Statistical analysis

Statistical evaluation of the data was accomplished by a 2 (group) x 3 (time) or 2 x 2 repeated measures analysis of variance. In the event of a significant F- ratio, LSD post-hoc tests were used for pairwise comparisons. In addition, ∆PRE - POST comparisons between groups in performance measures were analyzed with independent student’s t-tests. Pearson product-moment correlation was used to examine selected bivariate correlations. Effect size (ES) calculations were used to determine the magnitude of treatment effect, and are reported to provide a measure of practical significance. A criterion alpha level of p ≤ 0.05 was used to determine statistical significance. All data are reported as mean ± SD.

RESULTS

Average daily dietary intake is shown in Table 2. No significant difference in daily caloric intake was observed between PR and PL. However, significant differences existed between the groups in protein and carbohydrate intake. No significant changes in body mass, lean body mass or percent body fat were observed from PRE to POST training in either PR or PL, and no between group differences were noted as well (see Table 3). Interestingly, ∆ lean body mass was increased by 1.4 kg in PR, but only 0.1 kg in PL. Although these differences did not reach statistical significance (p = 0.08, ES = 0.78), a trend towards a greater lean tissue accruement in PR was evident.

Significant increases in strength from PRE occurred for both PR and PL in the 1-RM squat and 1-RM bench press (see Table 3). However, ∆ strength comparisons showed that subjects in PR had significantly greater improvement in 1-RM squat strength compared to PL, but no difference in the magnitude of improvement was seen between the groups for the 1-RM bench press. Examination of the subject’s training logs revealed no significant differences between PR and PL in the average weekly training volume (6461 ± 584 kg and 6420 ± 425 kg, respectively) and weekly training intensity (81.5 ± 6.2 % and 81.6 ± 6.6%, respectively) for the bench press. A 6% difference (p = 0.09, ES = 0.74) was noted between PR and PL in the average weekly training volume (9287 ± 990 kg and 8710 ± 476 kg, respectively), and a 5.2% difference (p = 0.09, ES = 0.73) was seen between these groups in the average weekly training intensity (86.7 ± 7.0 % and 81.5 ± 7.3%, respectively) for the squat exercise.

Wingate anaerobic power test measures are shown in Table 3. No significant PRE to POST changes in peak power, mean power, fatigue rates or total work occurred in either group. In addition, no between group differences were noted as well.

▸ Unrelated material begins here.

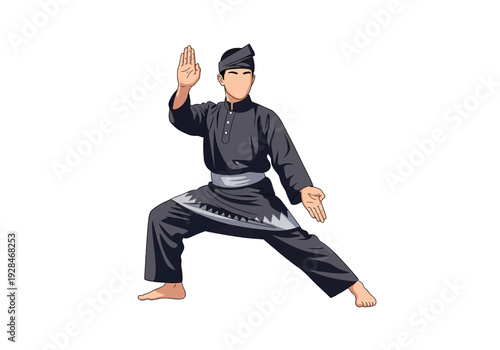 Man practicing martial arts in traditional attire.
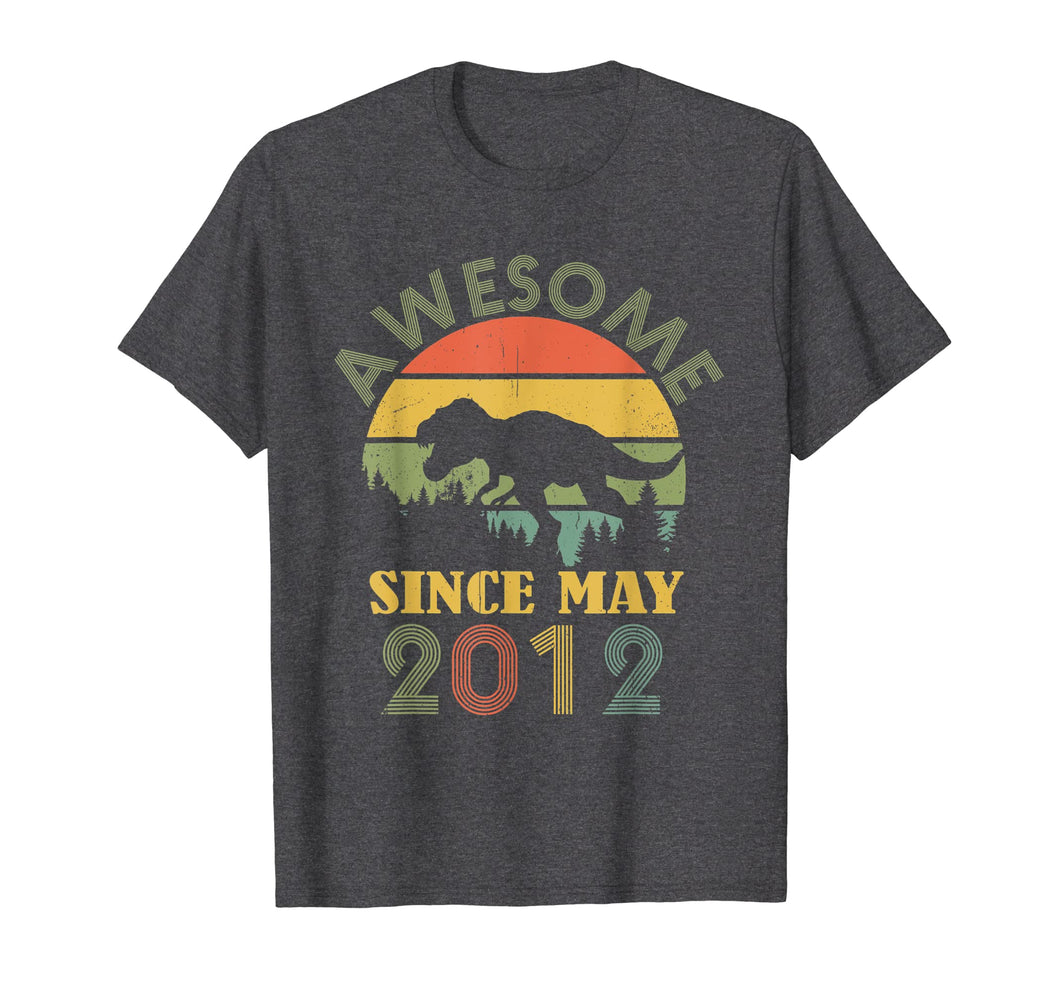 Awesome Since May 2012- Gifts 7th Birthday Dinosaur T-Shirt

Resting total testosterone concentrations are shown in Figure 1. No significant change from PRE was observed in either group, and no between groups differences were noted. Changes in resting cortisol concentrations appear in Figure 2. Cortisol concentrations remained steady during all three measuring time points for PR. However, a significant decrease from PRE was observed at MID for PL. In addition, cortisol concentrations at MID for PL were significantly lower than PR. No other between group differences was observed. The T/C ratio is shown in Figure 3. No significant change from PRE occurred in either PR or PL, nor were any between group differences observed at any time point.

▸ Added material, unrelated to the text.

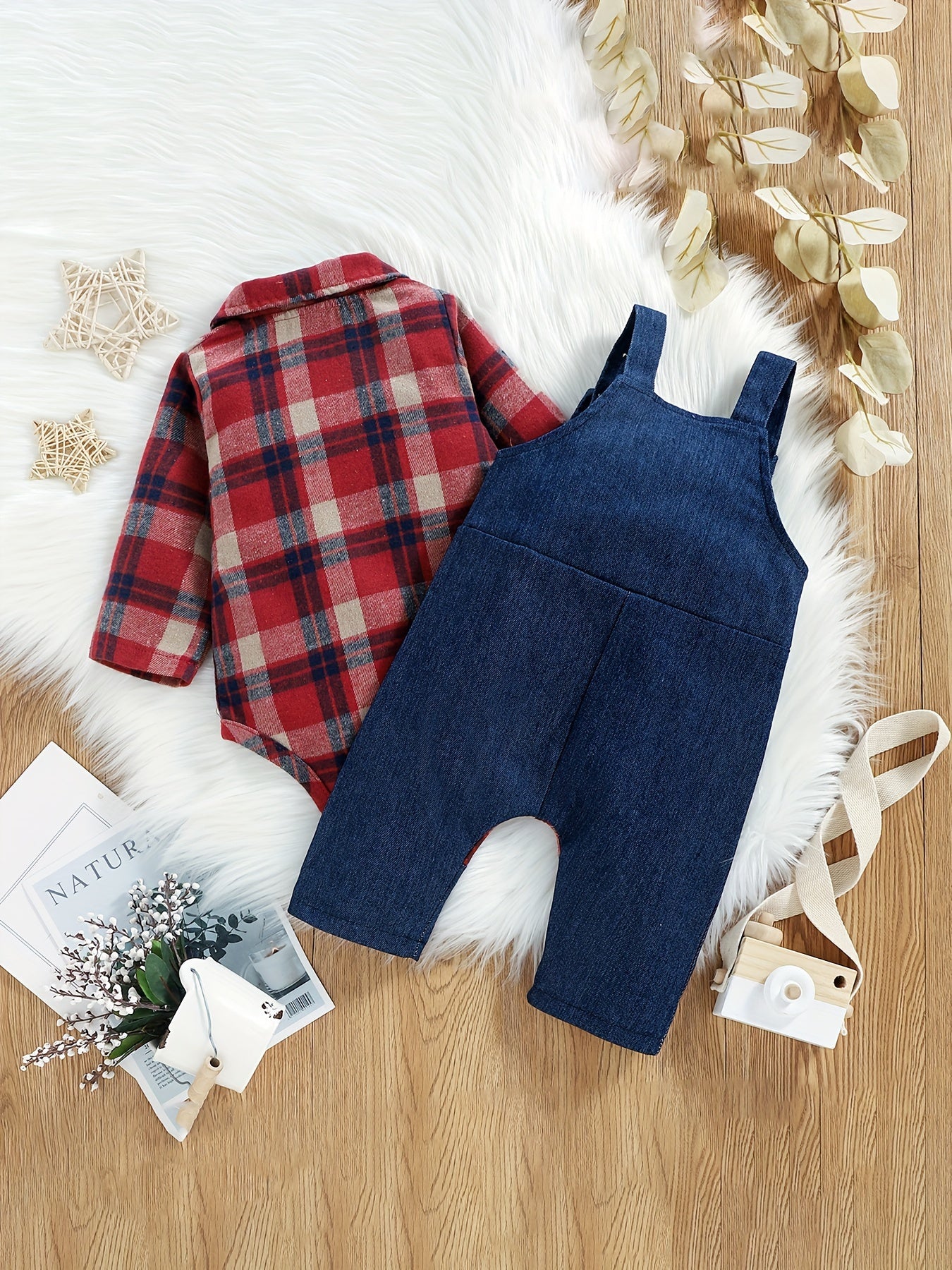 👶 Baby Boy Cute Outfits - Long Sleeve Plaid Bodysuit Romper & Overalls Jumpsuit Set (0-18 Months)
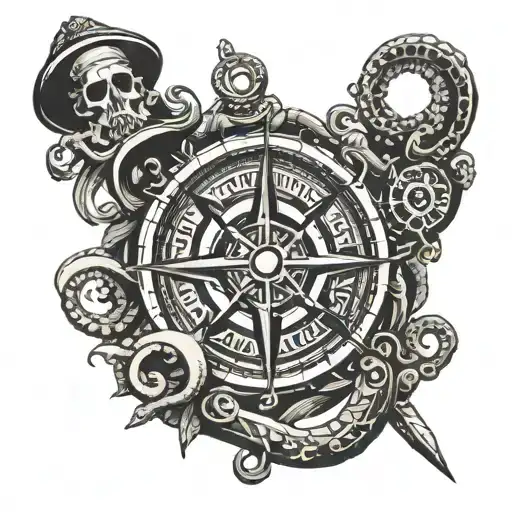 Compass With Anchor And Octopus Wrapped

Resting IGF-I and growth hormone concentrations during the 12-week study are shown in Figures 4 and 5">5, respectively. No significant changes from PRE in either PR or PL were seen in the resting concentrations of these hormones. In addition, no significant differences in the resting concentrations of these hormones were observed between the groups at any time point measured.

DISCUSSION

The results of this study indicate that protein supplementation in collegiate strength/power athletes may augment lower body strength development compared to a placebo. Changes in resting hormonal concentrations did not appear to support previous research that protein supplementation may augment anabolic hormonal responses. The energy intakes reported in this study are in agreement with previous investigations that suggest that collegiate athletes do not consume adequate quantities of macronutrients including meeting desired protein intakes (Cole et al., 2005; Hinton et al., 2004). However, when subjects are provided a protein supplement they do appear to meet or exceed the recommended protein intake for strength/power athletes.

Despite a greater protein intake by PR no significant differences in body mass, lean body mass or fat mass were seen between the groups. Although higher protein intakes were associated with a trend (p = 0.08, ES = 0.78) towards an increase in lean body mass, it is possible that the relatively low caloric intake by the subjects negatively impacted the ability to make significant gains in lean tissue accruement. Without consuming a sufficient caloric intake the ability of subjects to significantly increase body mass or lean body mass may be compromised. Previous studies have shown that the combination of resistance training with nutritional intervention (e.g. increase in caloric intake) results in significant increases in body mass (Roy et al., 1997; Rozenek et al., 2002). However, it has also been recommended that caloric intakes of strength/power athletes should exceed 44 -50 kcal·kgBM· d-1 (American Dietetic Association, et al., 2000), and that the energy intakes of these athletes may exceed 5000 kcal per day (Short and Short, 1983). The energy intakes seen in this study were relatively low in comparison to what is recommended for strength/power athletes, possibly contributing in part to the inability to achieve significant increases in lean tissue accruement and body mass gains.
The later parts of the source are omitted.